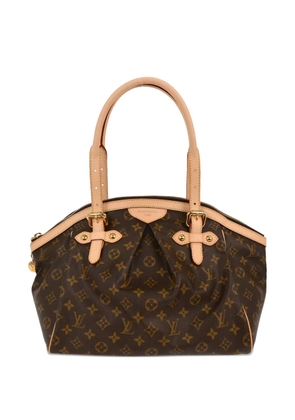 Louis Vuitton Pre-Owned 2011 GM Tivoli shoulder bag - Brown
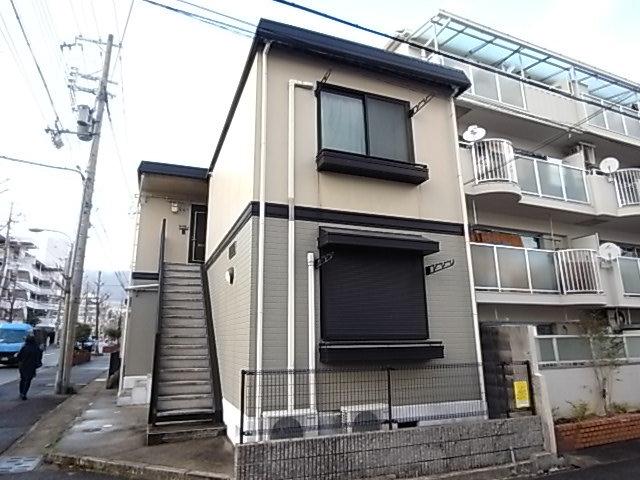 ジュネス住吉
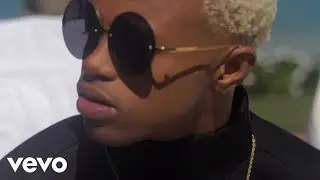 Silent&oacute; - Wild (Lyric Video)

--

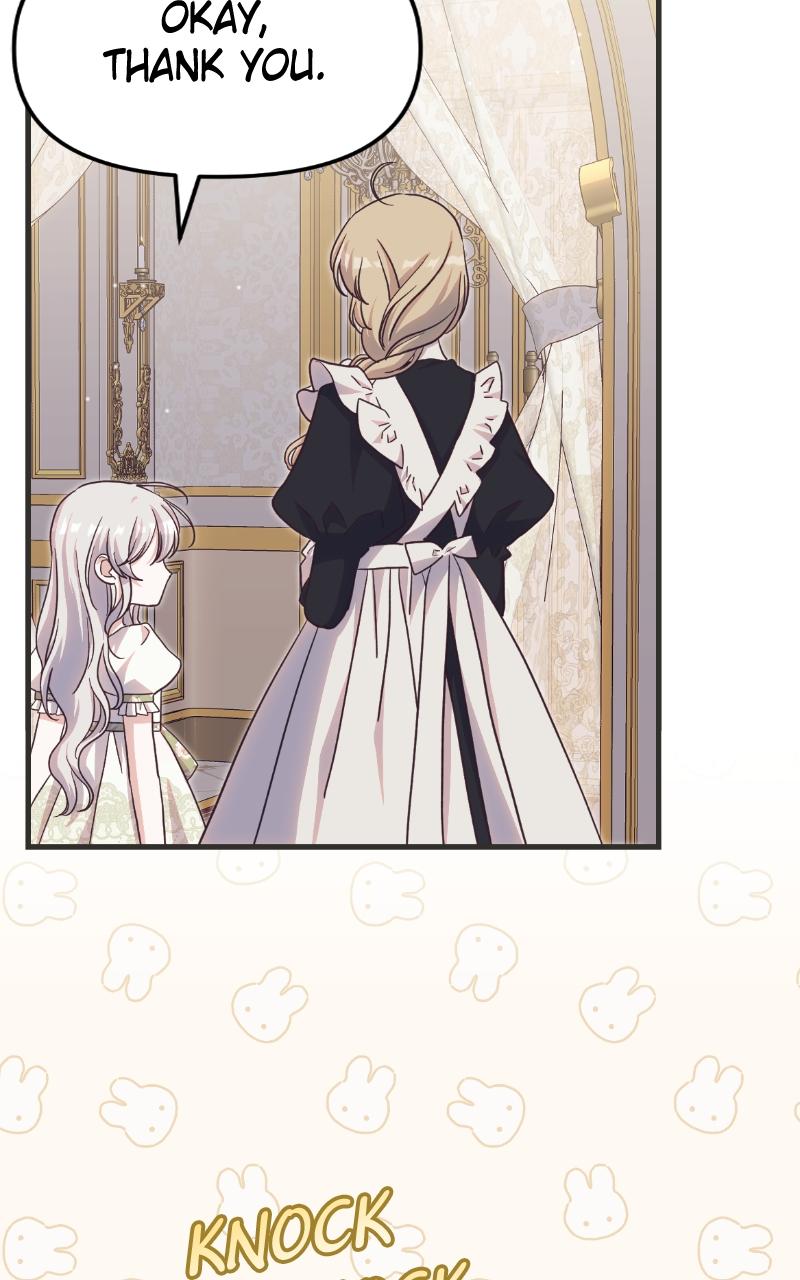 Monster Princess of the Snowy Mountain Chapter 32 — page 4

...

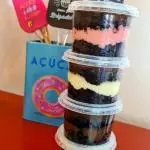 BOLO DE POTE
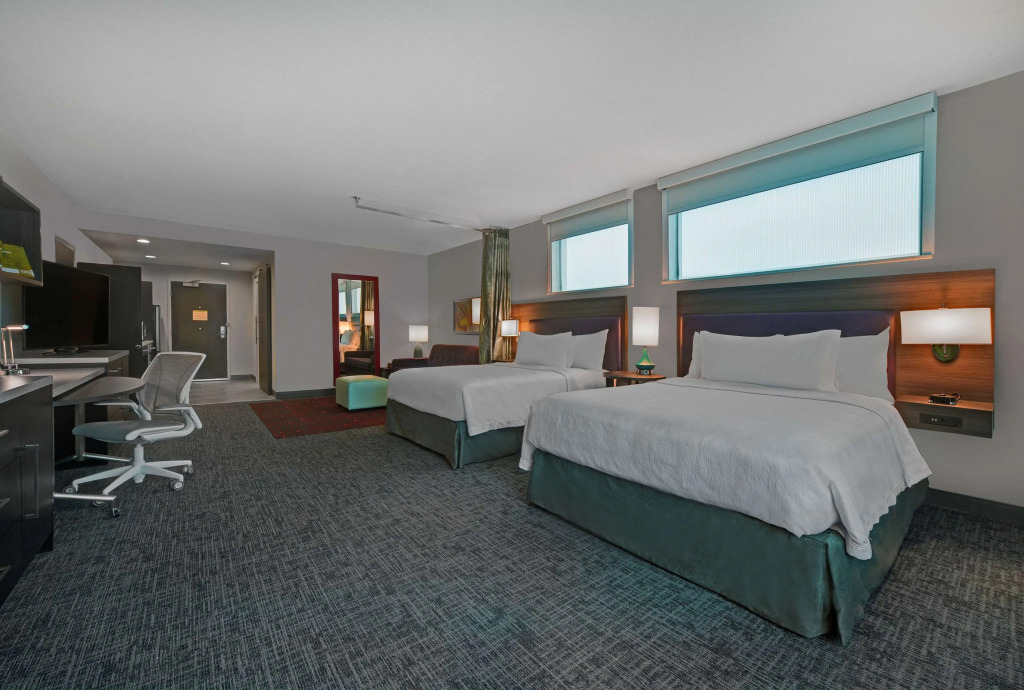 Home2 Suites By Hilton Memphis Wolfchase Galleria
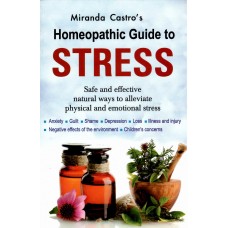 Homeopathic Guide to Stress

_PROBLEM STATEMENT_:
Out of the records above, return only the lines from the one with "Louis Vuitton Pre-Owned" through the one with "Silent&oacute; - Wild (Lyric Video)", exactly, and none of the pictures.

_PROBLEM SOLUTION_:
 Louis Vuitton Pre-Owned 2011 GM Tivoli shoulder bag - Brown
 ジュネス住吉
 Silent&oacute; - Wild (Lyric Video)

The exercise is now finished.